そうですね。ファンの方も「(『Shooting Star』は)アニソンに使われてもおかしくない曲だよね」っすごい言ってくださっていて。曲を聴いた皆さんがそういう方向で捉えてくれてるのはすごくうれしいので、今後もその軸はブレずにいきたいです。

人前に立つことがやっぱり大好きなんだな

──では音楽活動以外で、何かやってみたいことはありますか?

私、しゃべるのが好きで、なおかつバラエティ番組やトーク番組が好きなんです。なのでバラエティ番組に出演して、いろいろしゃべりたいですね。

──演技についてはどうですか? 4月には初めて舞台にも挑戦しましたが(4月9~14日に東京グローブ座で上演された「音楽朗読劇 イキヌクキセキ~十年目の願い~」に出演)。

今回が演技初挑戦で。私、声優になりたいとか言っておいてあれなんですけど、演技に対する苦手意識が強くて(笑)。別に過去に演技で失敗したとかそういう経験があるわけではないんですけど、ずっと苦手だと思ってたんです。だから稽古のときも本当にどうしようと思ってたんですけど、だんだんと舞台ならではの楽しみを見つけられて。とはいえ今回は初めての経験でしたし、震災を題材にした物語だったのもあって、緊張の連続でした。でもやり終えた今は、本当にやってよかったなってすごく思います。

──じゃあまたやってみたい?

うーん、またお話が来たらがんばりますけど……今はあの緊張感が、ちょっと(笑)。私の周りには舞台をやってる友達が多くて、その子たちはすごく楽しんでやってるので、私もそういうふうになれたらいいなと思いますね。

──ジャンルは違うかもしれないけど、そこでの経験は確実に歌に跳ね返ってくると思いますし。

そうですね。

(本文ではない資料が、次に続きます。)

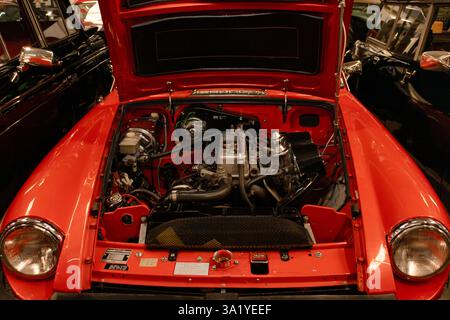 Limassol, Zypern, 19. Dezember 2024: MGB GT British Layland, offene Motorhaube (Motorhaube) im Cyprus Motor Museum Stockfoto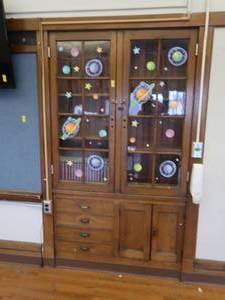 lot 474 image: ANTIQUE WOODEN GLASS PANE DOORS TO CABINET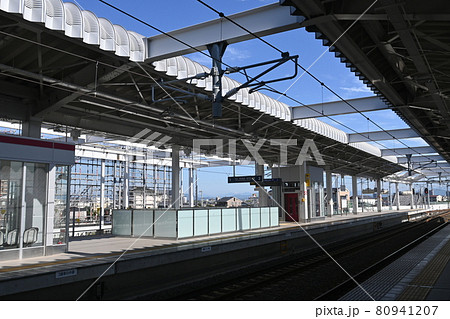 名鉄布袋駅のプラットホーム 80941207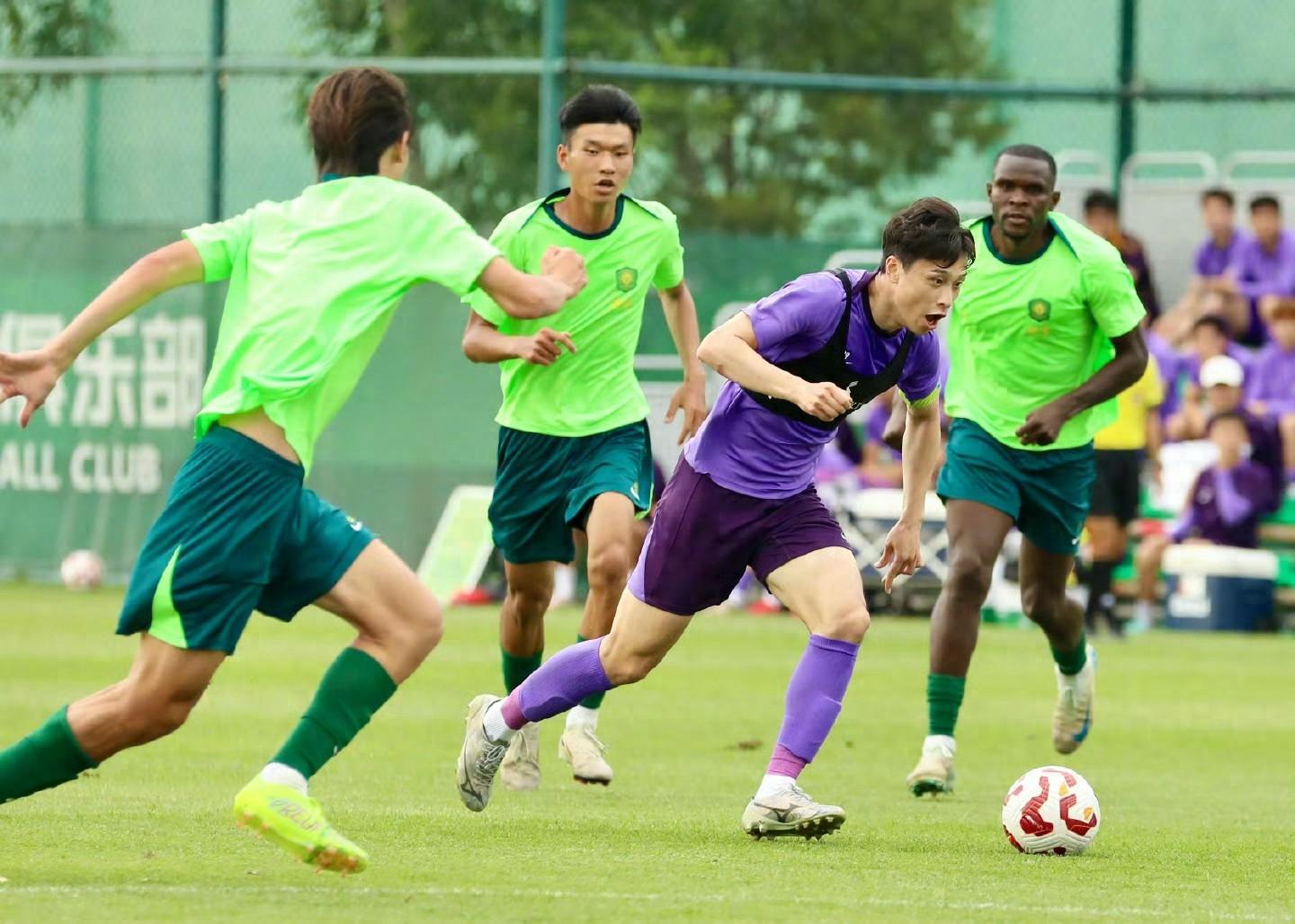 关于赛地聚焦：中超国际比赛日热度飙升；圣安东尼奥马刺队长鼓劲；更衣室稳定；球队文化再被提及的信息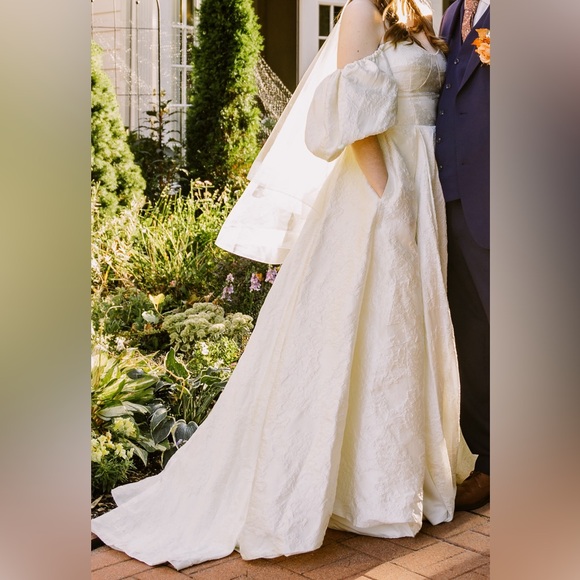 Ava Gowns Victoria Gown in Ivory - Picture 2 of 6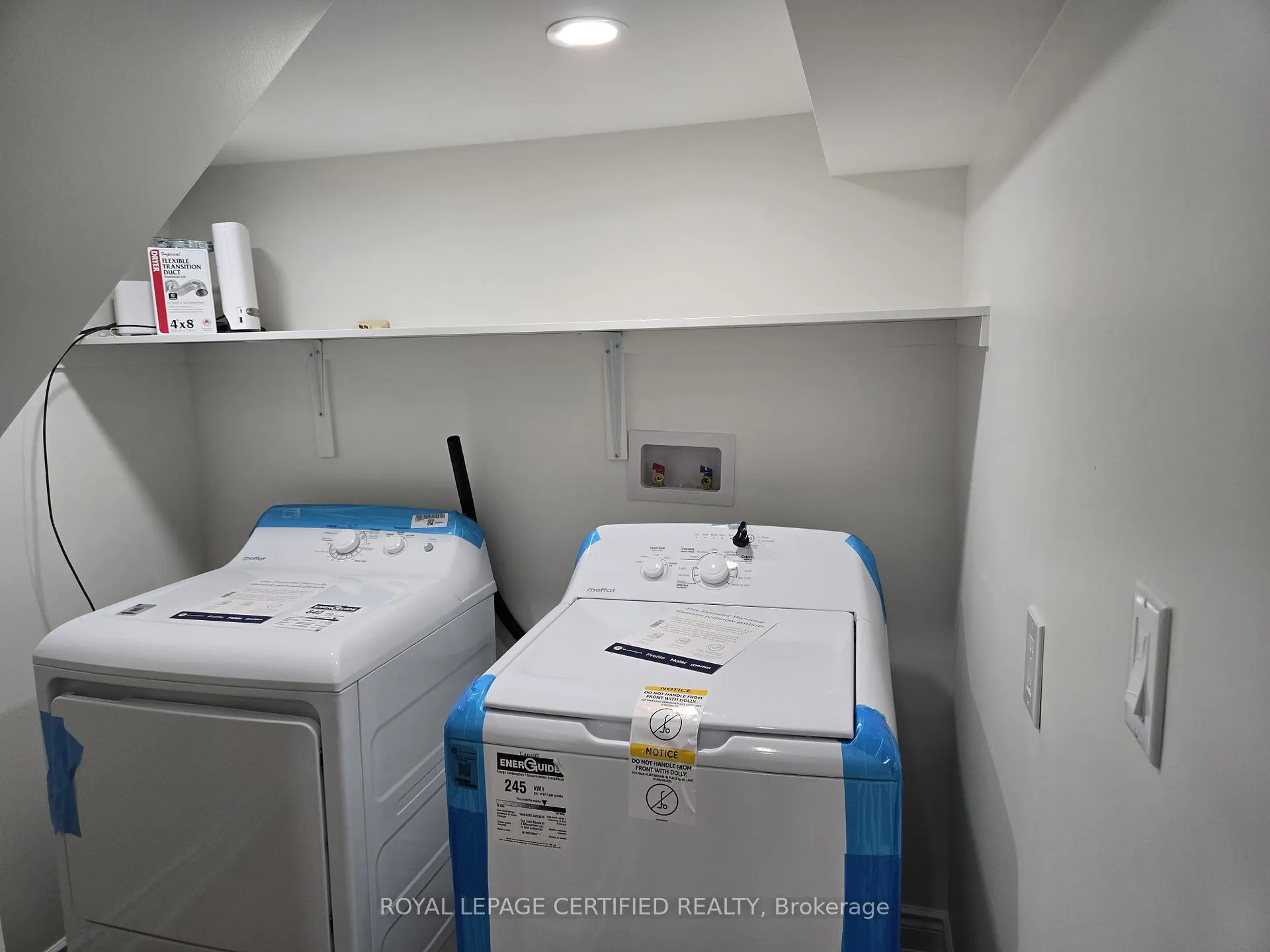 Photo 35 of Unit BASEMENT, 974 Seivert Place, Milton, Harrison — HOMEH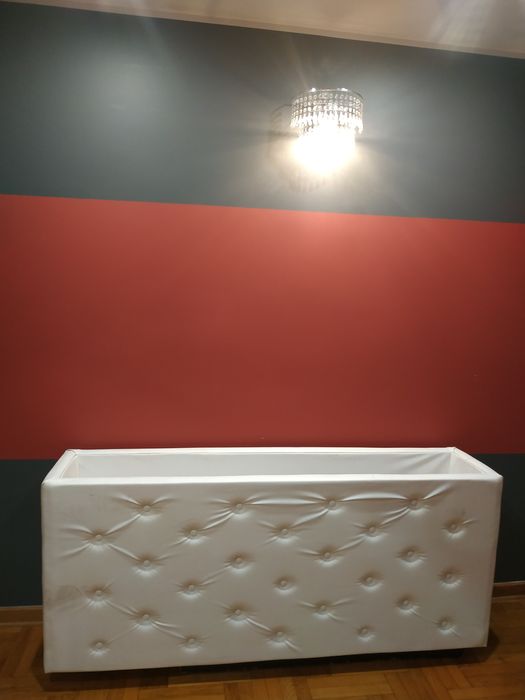 Duża donica tapicerowana. Ogród zimowy, salon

この舞台に出演したことで一歩前進できたのかなという気がしますし、私は人前に立つことがやっぱり大好きなんだなと、改めて実感することができました。

松下唯
1stシングル「Shooting Star」 / 2013年5月22日発売 / 1260円 / 徳間ジャパンコミュニケーションズ / TKCA-73903
収録曲
  1. Shooting Star
  2. Rigel
  3. LOVE MONSTER
  4. Shooting Star(インストゥルメンタル)
  5. Rigel(インストゥルメンタル)
  6. LOVE MONSTER(インストゥルメンタル)
松下唯(まつしたゆい)
松下唯

1988年7月25日生まれ、福岡県出身の女性シンガー。2008年7月に名古屋のアイドルグループのオーディションに合格し、芸能活動を開始する。順調に活動を続けていたが、2010年2月に両足首の病気である「離脱性骨軟骨炎(距骨)」により、手術やリハビリのために1年近い活動休止期間に突入した。2011年1月からは徐々に活動を再開させるも、同年9月末をもってグループを卒業。その後東京や名古屋を拠点に、ライブ活動やFMラジオでのパーソナリティ担当など地道な活動を続けていく。そして2013年5月、徳間ジャパンコミュニケーションズからシングル「Shooting Star」でソロデビュー。